All of lore.kernel.org
 help / color / mirror / Atom feed
* non-fresh: what?
@ 2008-02-03  2:54 Dexter Filmore
  2008-02-04 22:05 ` when is a disk "non-fresh"? Dexter Filmore
  0 siblings, 1 reply; 7+ messages in thread
From: Dexter Filmore @ 2008-02-03  2:54 UTC (permalink / raw)
  To: linux-raid

[   40.671910] md: md0 stopped.
[   40.676923] md: bind<sdd1>
[   40.677136] md: bind<sda1>
[   40.677370] md: bind<sdb1>
[   40.677572] md: bind<sdc1>
[   40.677618] md: kicking non-fresh sdd1 from array!
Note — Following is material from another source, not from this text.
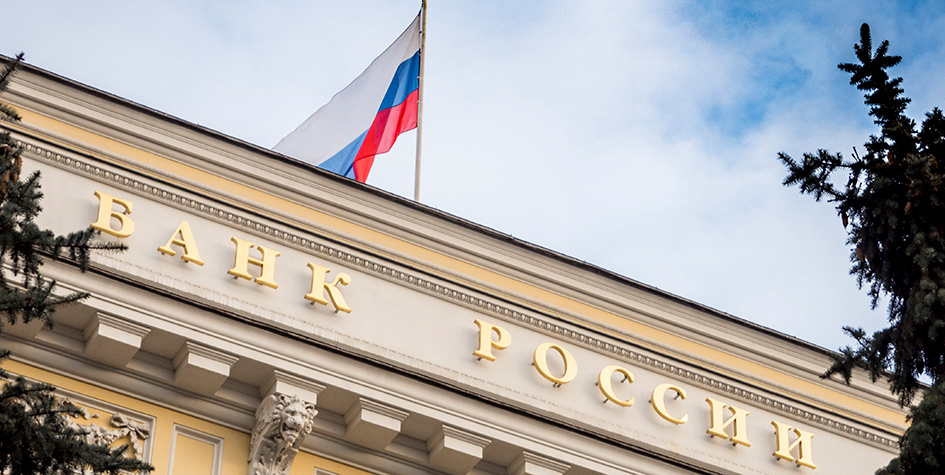 Банк России сообщил о новом рекорде на рынке ипотеки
When is a disk "non-fresh" and what might lead to this? 
Happened about 15 times now since I built the array.

Dex


-- 
-----BEGIN GEEK CODE BLOCK-----
Version: 3.12
GCS d--(+)@ s-:+ a- C++++ UL++ P+>++ L+++>++++ E-- W++ N o? K-
w--(---) !O M+ V- PS+ PE Y++ PGP t++(---)@ 5 X+(++) R+(++) tv--(+)@ 
b++(+++) DI+++ D- G++ e* h>++ r* y?
------END GEEK CODE BLOCK------

http://www.vorratsdatenspeicherung.de

^ permalink raw reply	[flat|nested] 7+ messages in thread

* when is a disk "non-fresh"?
  2008-02-03  2:54 non-fresh: what? Dexter Filmore
@ 2008-02-04 22:05 ` Dexter Filmore
  2008-02-05  2:02   ` Neil Brown
  0 siblings, 1 reply; 7+ messages in thread
From: Dexter Filmore @ 2008-02-04 22:05 UTC (permalink / raw)
  To: linux-raid

Seems the other topic wasn't quite clear...
Occasionally a disk is kicked for being "non-fresh" - what does this mean and 
what causes it?

Dex



-- 
-----BEGIN GEEK CODE BLOCK-----
Version: 3.12
GCS d--(+)@ s-:+ a- C++++ UL++ P+>++ L+++>++++ E-- W++ N o? K-
w--(---) !O M+ V- PS+ PE Y++ PGP t++(---)@ 5 X+(++) R+(++) tv--(+)@ 
b++(+++) DI+++ D- G++ e* h>++ r* y?
------END GEEK CODE BLOCK------

http://www.vorratsdatenspeicherung.de

^ permalink raw reply	[flat|nested] 7+ messages in thread

* Re: when is a disk "non-fresh"?
  2008-02-04 22:05 ` when is a disk "non-fresh"? Dexter Filmore
@ 2008-02-05  2:02   ` Neil Brown
  2008-02-07 22:16     ` Dexter Filmore
  0 siblings, 1 reply; 7+ messages in thread
From: Neil Brown @ 2008-02-05  2:02 UTC (permalink / raw)
  To: Dexter Filmore; +Cc: linux-raid

On Monday February 4, Dexter.Filmore@gmx.de wrote:
> Seems the other topic wasn't quite clear...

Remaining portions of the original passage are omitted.